As noted already, Johnson's book is remarkable for the way it corroborates what pro-lifers have known to be true about abortion and its practice. A few examples:

  • Birth control doesn't prevent abortion. Johnson herself admits that she became pregnant three times due to failed contraception; two of those pregnancies ended in abortion.
  • Abortion clinics are profit-driven, as was (at least eventually) the case with the Bryan clinic.
  • Women scheduled for abortion may receive little to no counseling prior to the procedure, as Johnson experienced with her own first abortion.
  • RU-486 abortions are not less traumatic than surgical abortion. Johnson describes her physically horrific and emotionally lonely experience with this abortion method.
  • Abortion is ultimately the result of not recognizing the unborn child as a personal someone connected to the human family.

This last point is a major lesson of Johnson's book. She literally fled the abortion clinic only after the life of an unborn child – the child she helped to kill – became personal to her. Through the ultrasound image, Johnson came to realize that this unborn child was real. She even compares the child about to be aborted to her own daughter at twelve weeks.

This brings me to one troubling aspect of unPlanned. The more strident, more confrontational variety of pro-life protestor is vilified throughout the book. Among them is a woman who stood outside Johnson's clinic holding a graphic image of an aborted baby.
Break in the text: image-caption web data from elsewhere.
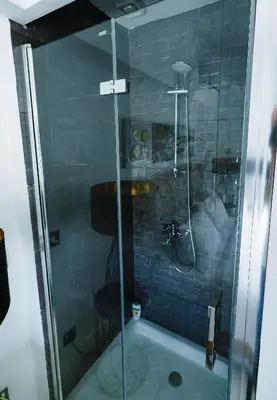 a shower with a glass door in a bathroom at Bloom of Luxury in Limassol
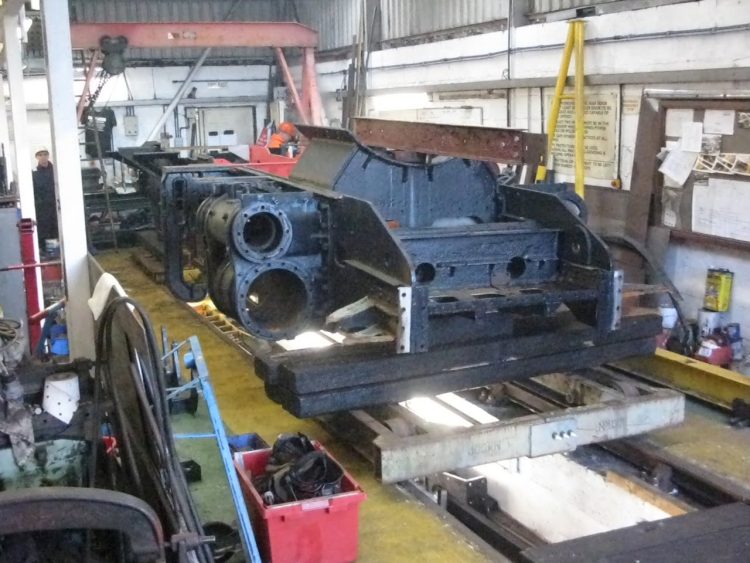 The Ivatt frame being lowered onto the transit bogeys outside the Group’s workshop.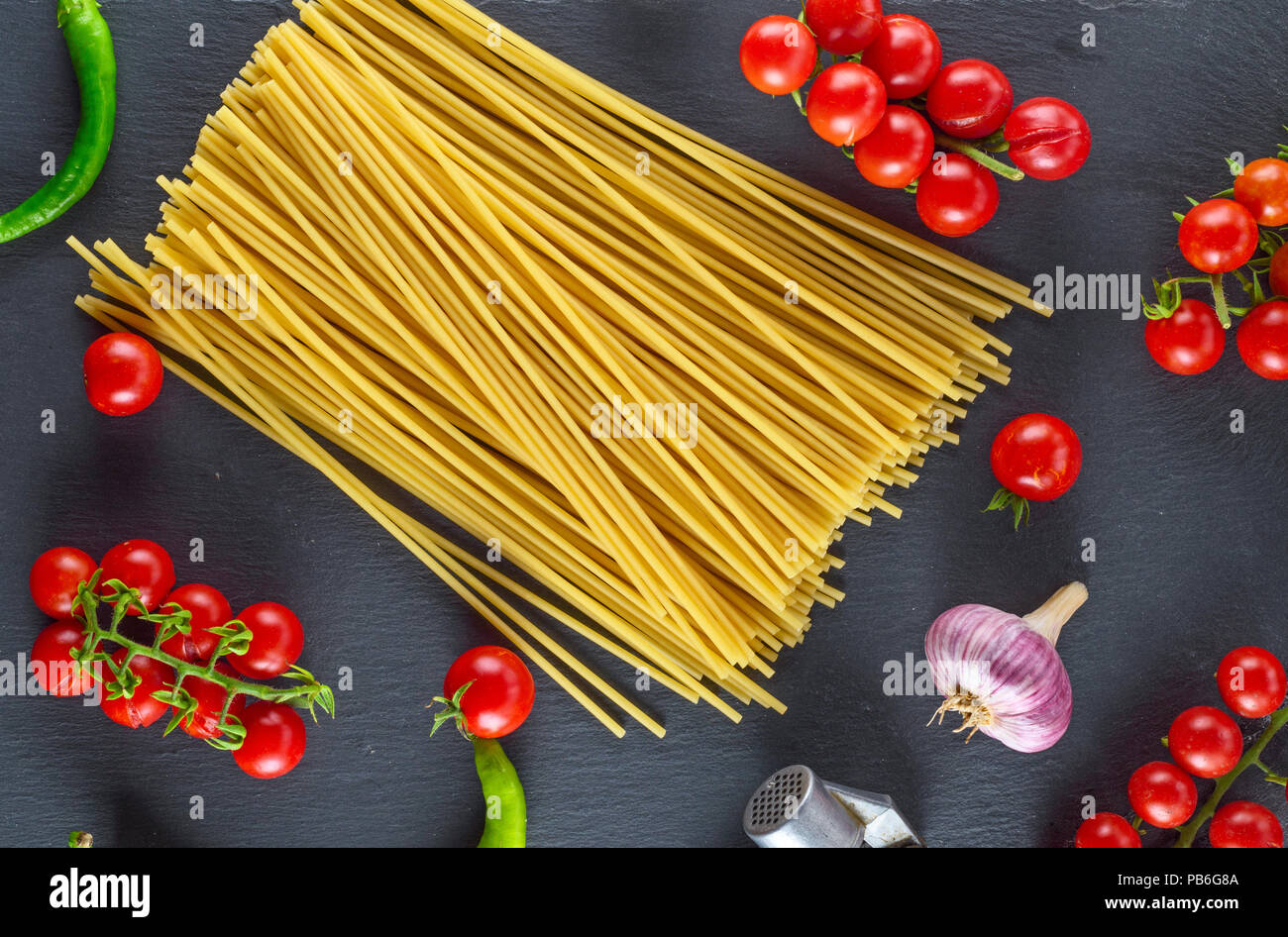 Uncooked pasta spaghetti on black background, red cherry tomatoes and garlic for sauce, top view Stock Photo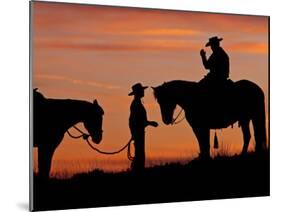 Cowboy and Cowgirl Silhouetted on a Ridge in the Big Horn Mountains, Wyoming, USA-Joe Restuccia III-Mounted Photographic Print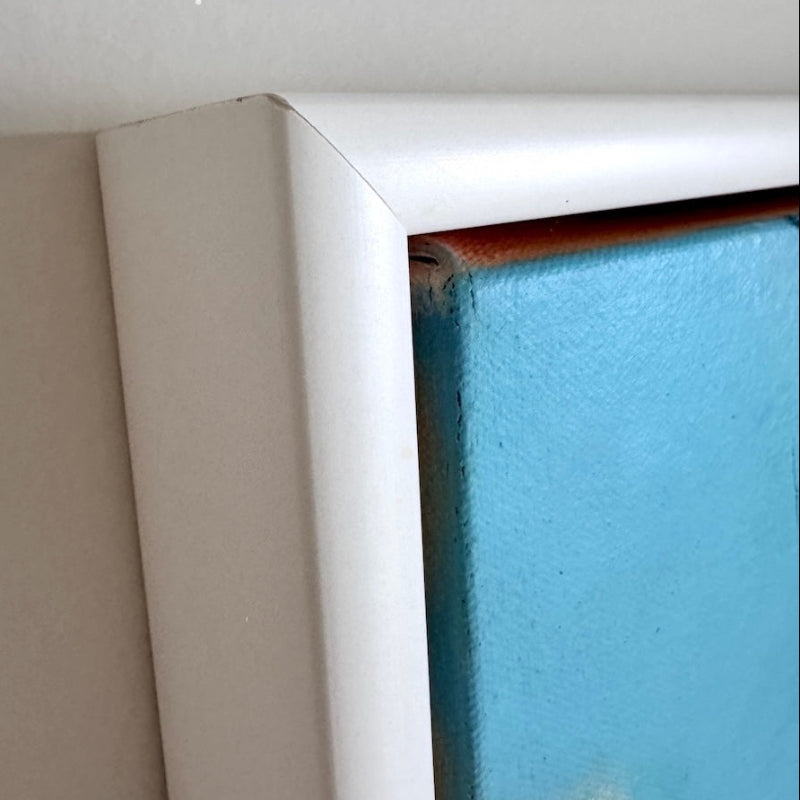 Close-up of a white floating frame corner with a blue wall art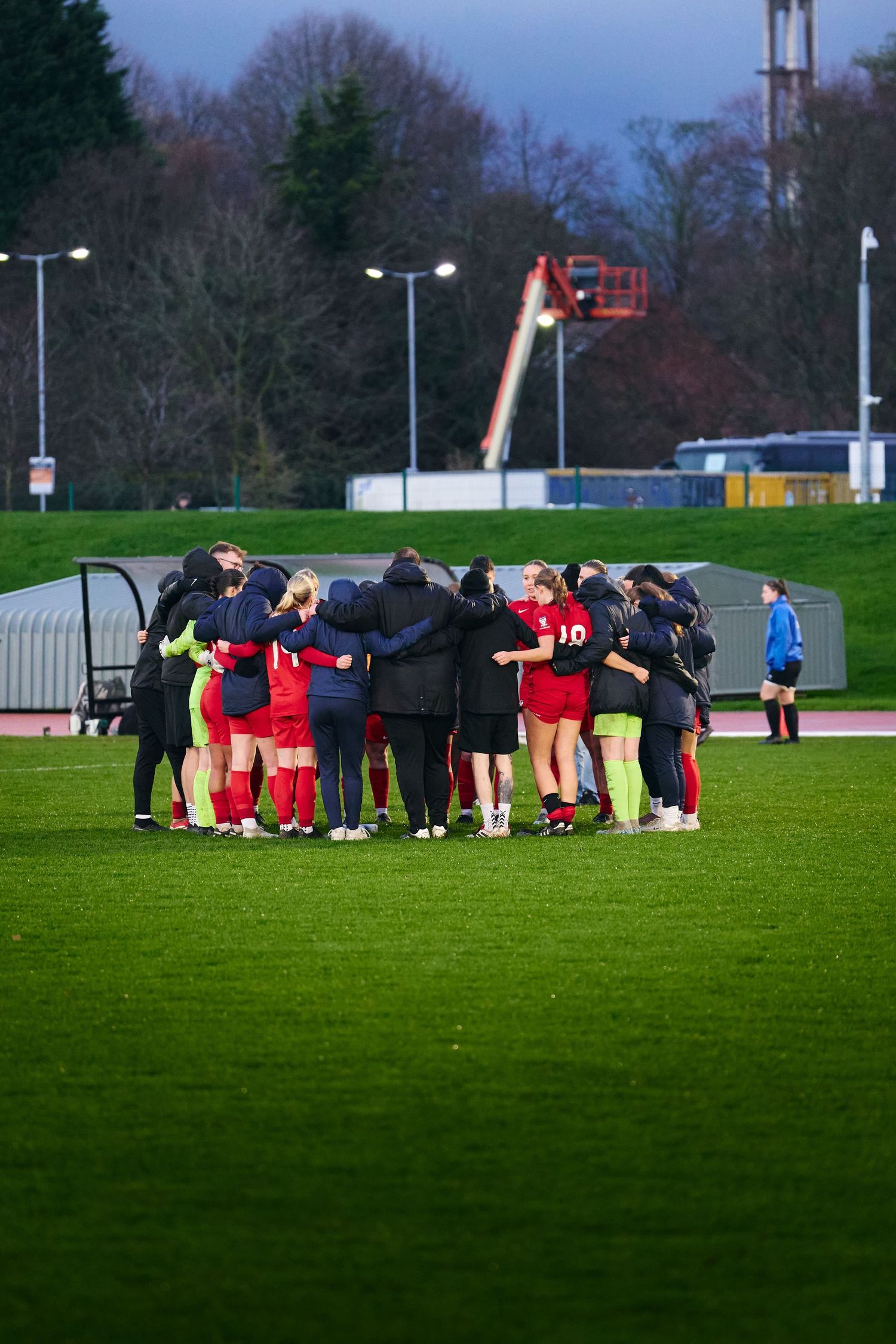 Soccer team huddles together in a tight circle on a grass field during dusk with floodlights illuminating the scene.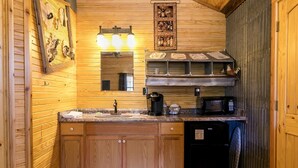 A compact kitchen with wooden cabinetry, a sink, a coffee maker, a microwave, and a refrigerator. - Bakery Haus- Red Velvet Suite | Wonderful Porch (Fredericksburg)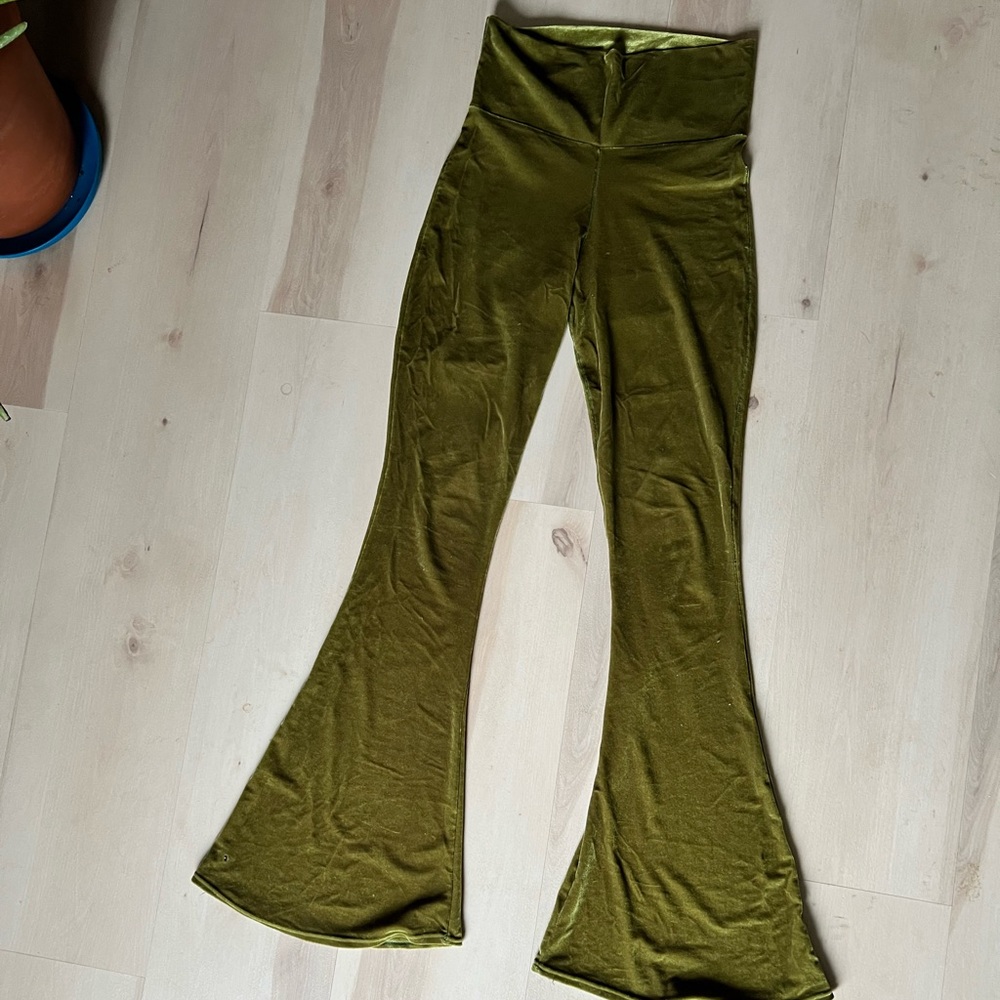 Home cooked Karma velvet flare pants in avocado green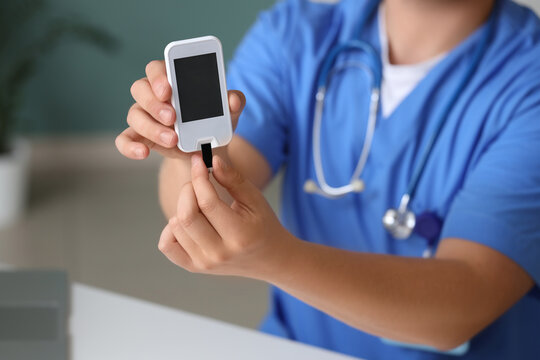 Male doctor with glucometer in clinic, closeup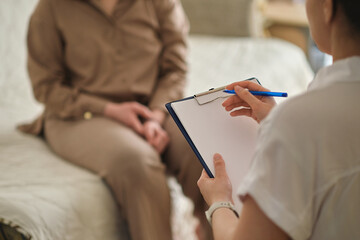 patient makes progress towards healing and recovery as she talks with her therapist about her struggles. psychologist takes notes during the therapy session to help her patient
Johnson, now pro-life, frequently refers to the sign as a sick, ugly, "awful placard of the aborted fetus." Her criticism is ironic, given that a similar image provoked her own conversion: that "violently twisting, crumpled body – the little spine just sucked away" – the baby she helped abort. What is the difference between that awful ultrasound image and the poster of the "awful aborted fetus"? Ultimately, there is none. What makes the difference is how one perceives the images.

To the abortion advocate, the poster of an aborted baby isn't really a photo of a baby. The poster's visual message is interpreted as simply a tactic of the opposition, and so the subject of the poster is dismissed with the tactic itself. The baby remains impersonal to the hostile viewer.

Johnson, however, was converted by a graphic image. The baby whose body she helped dismember was accepted on his own terms. Once the humanity of the unborn becomes personal, their existence cannot be ignored. And this is exactly why the use of such images has a necessary place in pro-life work. The primary burden of unborn children about to be aborted is that they remain hidden.

Johnson derides the more aggressive pro-life tactics, and to a certain extent this is a valid criticism. The fact is, some pro-life strategies are more effective than others, and I readily concede the point. And despite my defense of graphic images in pro-life work, such images should not be present if sidewalk counselors have a real opportunity to talk to women entering clinics. (One may view "Effective Sidewalk Counseling" at my website.) Nevertheless, the reader of unPlanned is left with the impression that confrontational but perfectly legitimate pro-life activism – residential pickets of abortionists' homes, for example – would fall under Johnson's condemnation.

Nevertheless, her book provides a valuable lesson, and pro-lifers need to listen to it. Whatever we do, we must do with love – and that means love must be shown even to the enemies of life. While a graphic image of an abortion victim shook Johnson's own commitment, it was the true charity of the pro-lifers outside of the Bryan clinic that eventually drove her into their arms. Gestures of love from the "other side of the fence" made a huge impression on her. This is the sort of charity that made Johnson not simply an ex-abortion provider but a valuable advocate for the pro-life cause.

Her odyssey is an important sign that those who do evil are not beyond the reach of grace. unPlanned is a plea to other abortion providers that they, like Johnson, will take the "unplanned" journey into the arms of the living God.


Monica Migliorino Miller is associate professor of sacred theology at St. Mary's College of Madonna University in Orchard Lake, Michigan, and author of Sexuality and Authority in the Catholic Church (University of Scranton Press, 2007).